5. CMD and ENTRYPOINT better together
In case you don’t know ENTRYPOINT makes your dockerized application behave like a binary. You can pass arguments to the ENTRYPOINT during docker run and not worry about it being overwritten ( unlike CMD ). ENTRYPOINT is even better when used with CMD. Let’s checkout my Rethinkdb Dockerfile and see how to use this.
# Dockerfile for Rethinkdb # http://www.rethinkdb.com/ FROM ubuntu MAINTAINER Michael Crosby <[email protected]> RUN echo "deb http://archive.ubuntu.com/ubuntu precise main universe" > /etc/apt/sources.list RUN apt-get update RUN apt-get upgrade -y RUN apt-get install -y python-software-properties RUN add-apt-repository ppa:rethinkdb/ppa RUN apt-get update RUN apt-get install -y rethinkdb # Rethinkdb process EXPOSE 28015 # Rethinkdb admin console EXPOSE 8080 # Create the /rethinkdb_data dir structure RUN /usr/bin/rethinkdb create ENTRYPOINT ["/usr/bin/rethinkdb"] CMD ["--help"]
This is everything that is required to get Rethinkdb dockerized. We have my standard 5 lines at the top to make sure the base image is updated, ports exposed, etc… With the ENTRYPOINT set, we know that whenever this image is run, all arguments passed during docker run will be arguments to the ENTRYPOINT ( /usr/bin/rethinkdb ).
I also have a default CMD set in the Dockerfile to --help. What this does is incase no arguments are passed during docker run, rethinkdb’s default help output will display to the user. This is same functionality that you would expect interacting with the rethinkdb binary.
docker run crosbymichael/rethinkdb
Output
Running 'rethinkdb' will create a new data directory or use an existing one, and serve as a RethinkDB cluster node. File path options: -d [ --directory ] path specify directory to store data and metadata --io-threads n how many simultaneous I/O operations can happen at the same time Machine name options: -n [ --machine-name ] arg the name for this machine (as will appear in the metadata). If not specified, it will be randomly chosen from a short list of names. Network options: --bind {all | addr} add the address of a local interface to listen on when accepting connections; loopback addresses are enabled by default --cluster-port port port for receiving connections from other nodes --driver-port port port for rethinkdb protocol client drivers -o [ --port-offset ] offset all ports used locally will have this value added -j [ --join ] host:port host and port of a rethinkdb node to connect to .................
Now lets run the container with the --bind all argument.

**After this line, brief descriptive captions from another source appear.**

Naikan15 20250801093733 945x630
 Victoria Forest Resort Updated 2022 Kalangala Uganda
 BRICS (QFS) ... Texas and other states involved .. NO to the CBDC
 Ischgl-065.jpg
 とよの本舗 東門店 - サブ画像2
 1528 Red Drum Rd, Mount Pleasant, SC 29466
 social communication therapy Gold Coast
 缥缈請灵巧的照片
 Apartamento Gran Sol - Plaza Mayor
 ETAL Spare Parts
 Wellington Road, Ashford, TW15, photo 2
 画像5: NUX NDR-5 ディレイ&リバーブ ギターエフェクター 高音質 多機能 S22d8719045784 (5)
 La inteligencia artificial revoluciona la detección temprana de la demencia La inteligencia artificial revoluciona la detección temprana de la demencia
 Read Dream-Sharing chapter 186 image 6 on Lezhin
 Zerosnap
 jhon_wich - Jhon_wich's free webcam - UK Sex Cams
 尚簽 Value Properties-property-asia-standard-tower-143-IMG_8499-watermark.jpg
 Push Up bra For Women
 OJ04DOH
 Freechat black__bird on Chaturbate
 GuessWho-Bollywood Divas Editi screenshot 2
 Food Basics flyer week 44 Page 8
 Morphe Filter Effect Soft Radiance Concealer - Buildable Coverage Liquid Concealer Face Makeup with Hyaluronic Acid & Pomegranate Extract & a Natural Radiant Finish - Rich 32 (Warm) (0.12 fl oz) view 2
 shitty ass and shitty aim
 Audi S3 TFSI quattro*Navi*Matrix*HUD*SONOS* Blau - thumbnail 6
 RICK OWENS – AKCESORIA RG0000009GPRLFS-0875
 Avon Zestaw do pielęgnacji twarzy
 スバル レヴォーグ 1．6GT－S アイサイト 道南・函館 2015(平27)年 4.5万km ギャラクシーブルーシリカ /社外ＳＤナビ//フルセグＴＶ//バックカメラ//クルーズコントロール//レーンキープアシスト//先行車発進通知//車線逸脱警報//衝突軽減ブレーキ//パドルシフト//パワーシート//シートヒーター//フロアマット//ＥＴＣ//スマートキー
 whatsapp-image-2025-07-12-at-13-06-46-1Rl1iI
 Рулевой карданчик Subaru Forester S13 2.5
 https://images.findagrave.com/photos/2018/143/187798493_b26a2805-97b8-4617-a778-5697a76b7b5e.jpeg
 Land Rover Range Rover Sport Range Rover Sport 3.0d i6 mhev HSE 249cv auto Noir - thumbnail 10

docker run crosbymichael/rethinkdb --bind all
Output
info: Running rethinkdb 1.7.1-0ubuntu1~precise (GCC 4.6.3)... info: Running on Linux 3.2.0-45-virtual x86_64 info: Loading data from directory /rethinkdb_data warn: Could not turn off filesystem caching for database file: "/rethinkdb_data/metadata" (Is the file located on a filesystem that doesn't support direct I/O (e.g. some encrypted or journaled file systems)?) This can cause performance problems. warn: Could not turn off filesystem caching for database file: "/rethinkdb_data/auth_metadata" (Is the file located on a filesystem that doesn't support direct I/O (e.g. some encrypted or journaled file systems)?) This can cause performance problems. info: Listening for intracluster connections on port 29015 info: Listening for client driver connections on port 28015 info: Listening for administrative HTTP connections on port 8080 info: Listening on addresses: 127.0.0.1, 172.16.42.13 info: Server ready info: Someone asked for the nonwhitelisted file /js/handlebars.runtime-1.0.0.beta.6.js, if this should be accessible add it to the whitelist.
And there it is, a full Rethinkdb instance running with access to the db and admin console by, interacting with the image the same way you interact with the binary. Very powerful and yet extremely simple. I love simple.
5. ENTRYPOINT and CMD are better together.
I hope this post helps you to get started working with Dockerfiles and building images that we all can use and benefit from. Going forward, I believe that Dockerfiles will be a very important part of what makes docker so simple and easy to use whether you are consuming or producing images. I plan to invest much of my time to provide a complete, powerful, yet simple solution to building docker images via the Dockerfile.